» **WORK ORDER**
Omit all pictures, and print word for word only the lines from the one containing "Slim Shapewear Bodysuit" through the end of the data.

» **PROVIDED DATA**
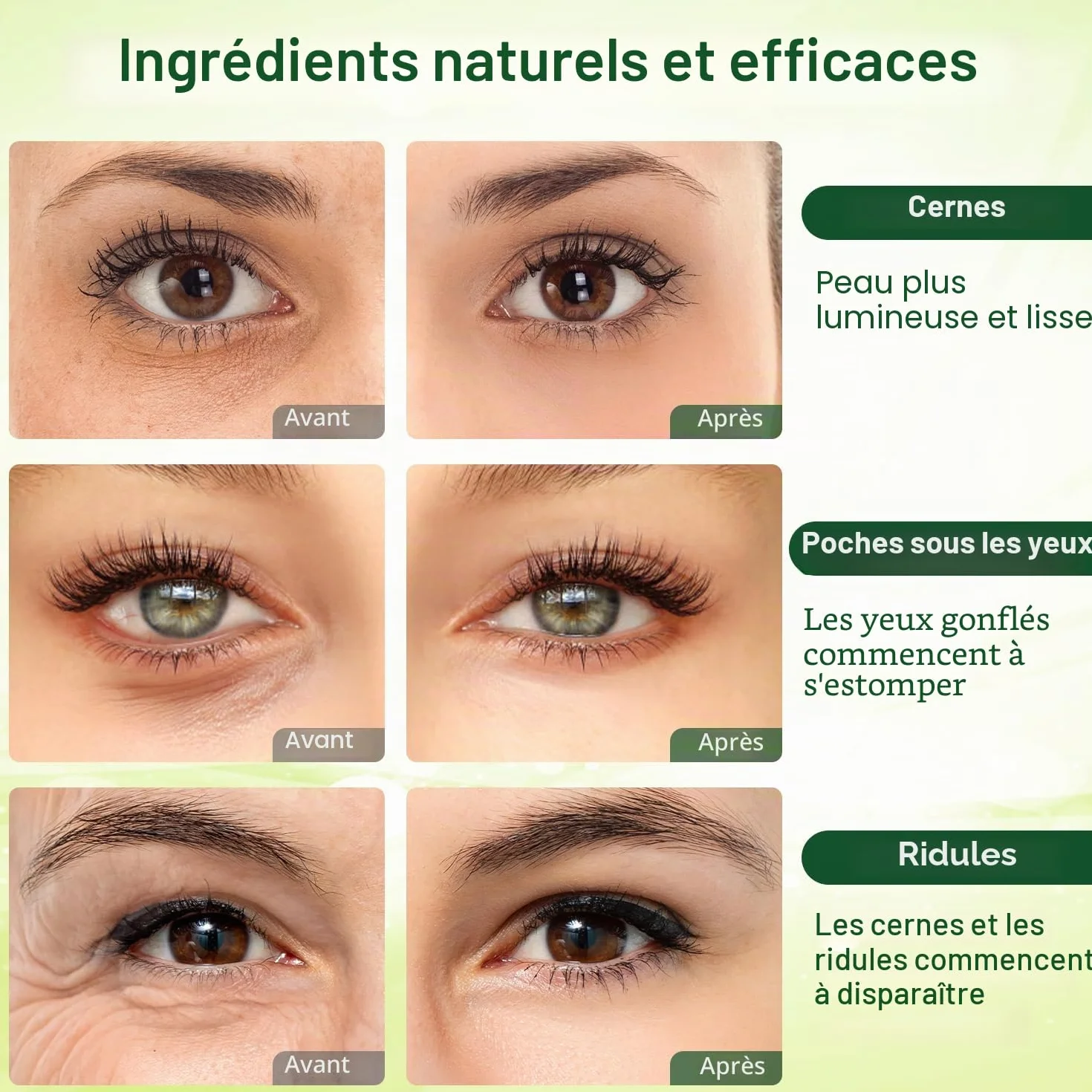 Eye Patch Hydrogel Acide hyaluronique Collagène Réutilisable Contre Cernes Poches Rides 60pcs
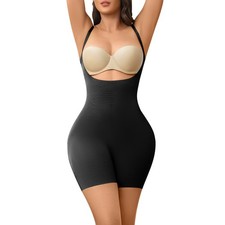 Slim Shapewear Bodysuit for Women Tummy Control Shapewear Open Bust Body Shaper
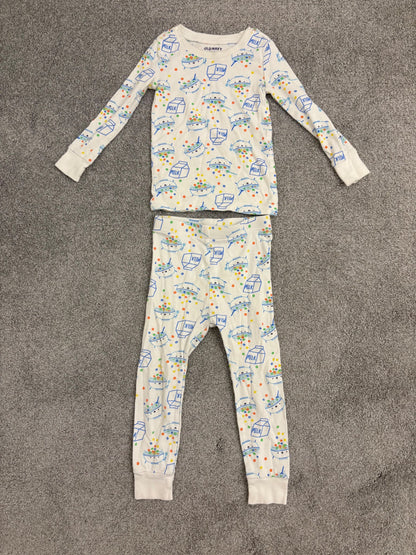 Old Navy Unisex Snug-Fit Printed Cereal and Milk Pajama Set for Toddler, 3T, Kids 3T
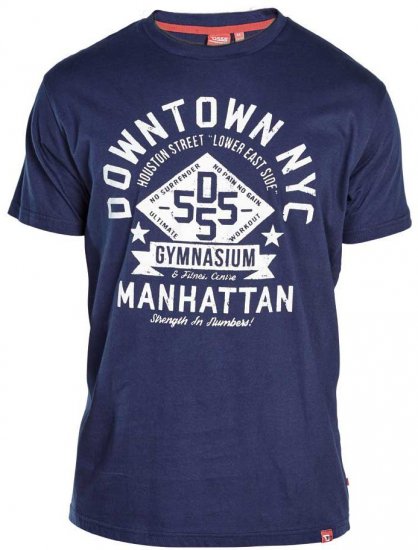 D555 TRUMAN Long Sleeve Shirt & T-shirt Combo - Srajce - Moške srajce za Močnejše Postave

» **RESPONSE TO THE TASK**
 Slim Shapewear Bodysuit for Women Tummy Control Shapewear Open Bust Body Shaper
 Old Navy Unisex Snug-Fit Printed Cereal and Milk Pajama Set for Toddler, 3T, Kids 3T
 D555 TRUMAN Long Sleeve Shirt & T-shirt Combo - Srajce - Moške srajce za Močnejše Postave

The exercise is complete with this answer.